Repeat, word for word, every line from the line holding "Retro with high-tech" through the final line of the entries below. Skip all pictures.

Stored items
⟨
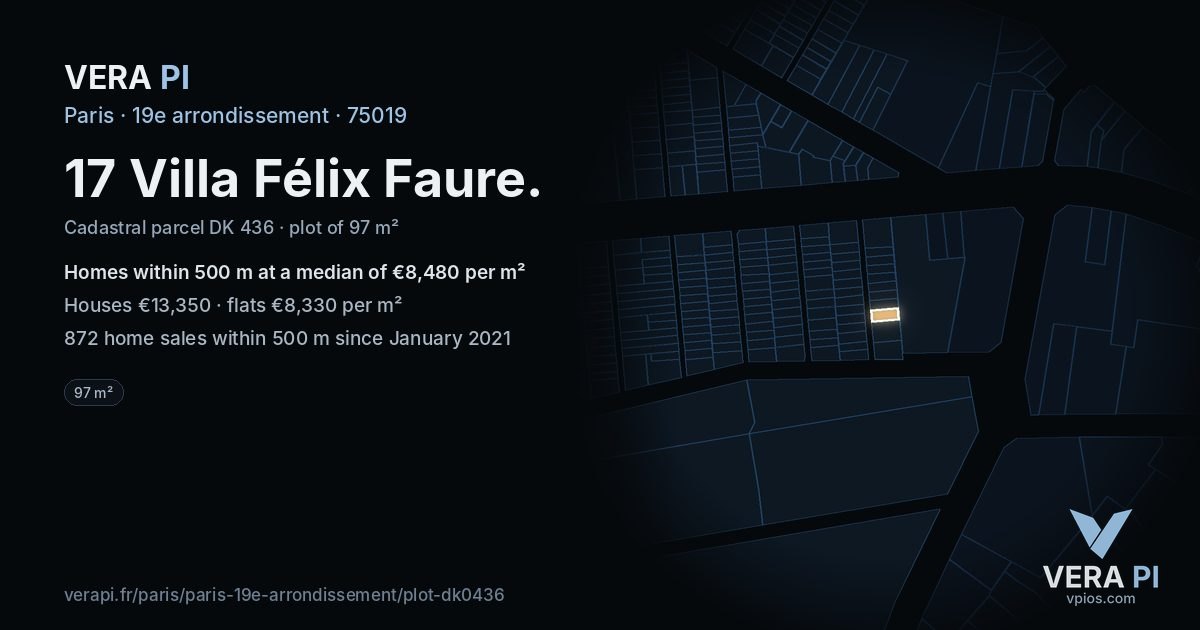 17 Villa Félix Faure, 19e arrondissement at night – the plot lit, the parcels around coloured by the prices near them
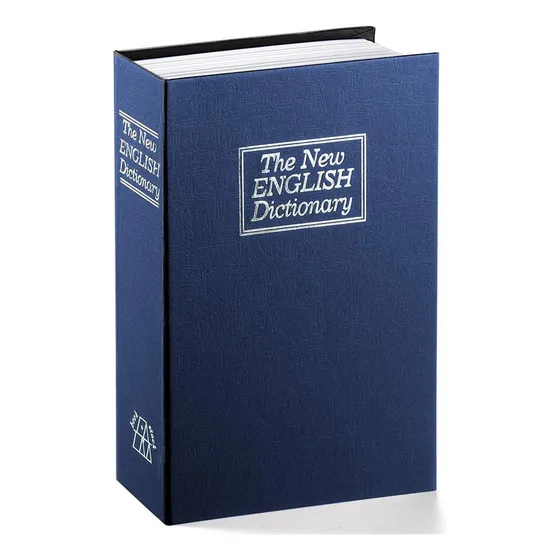 Caja Fuerte Libro Simulada Cofre Porta Valores 24cmx16cmx6cm Color Azul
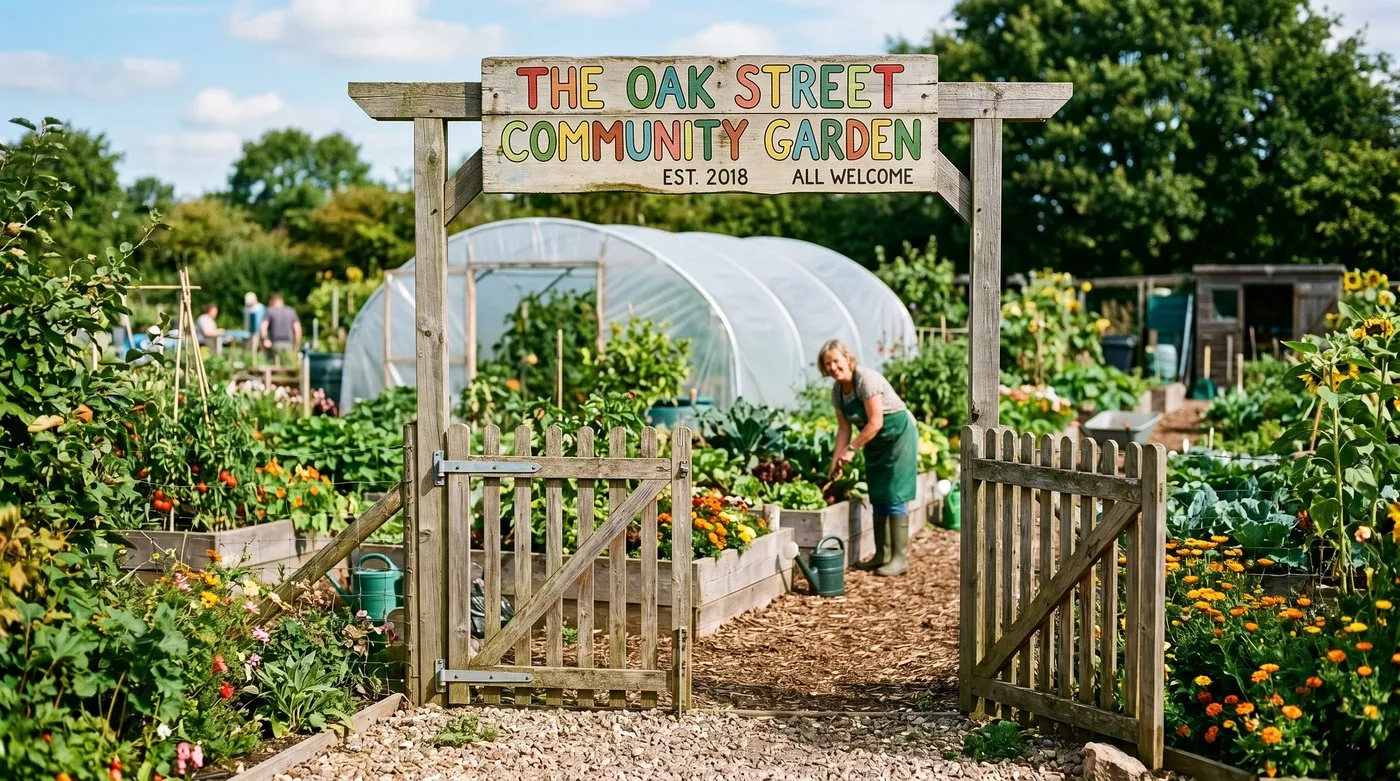 A welcoming community garden entrance with a painted sign, raised beds and a polytunnel behind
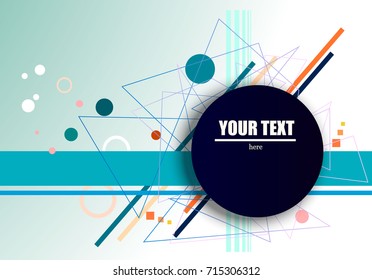 Retro with high-tech elephants.texture.Vector of abstract geometric pattern.Circle on background of abstract background. your text here. EPS10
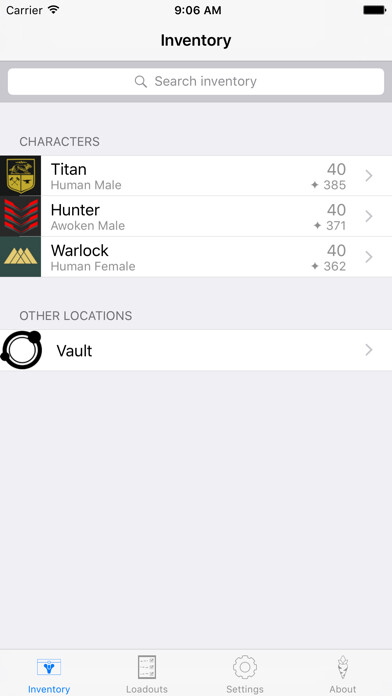 Emulate iPhone app Inventory Manager for Destiny using MyAndroid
⟩
# RESULT
 Retro with high-tech elephants.texture.Vector of abstract geometric pattern.Circle on background of abstract background. your text here. EPS10
 Emulate iPhone app Inventory Manager for Destiny using MyAndroid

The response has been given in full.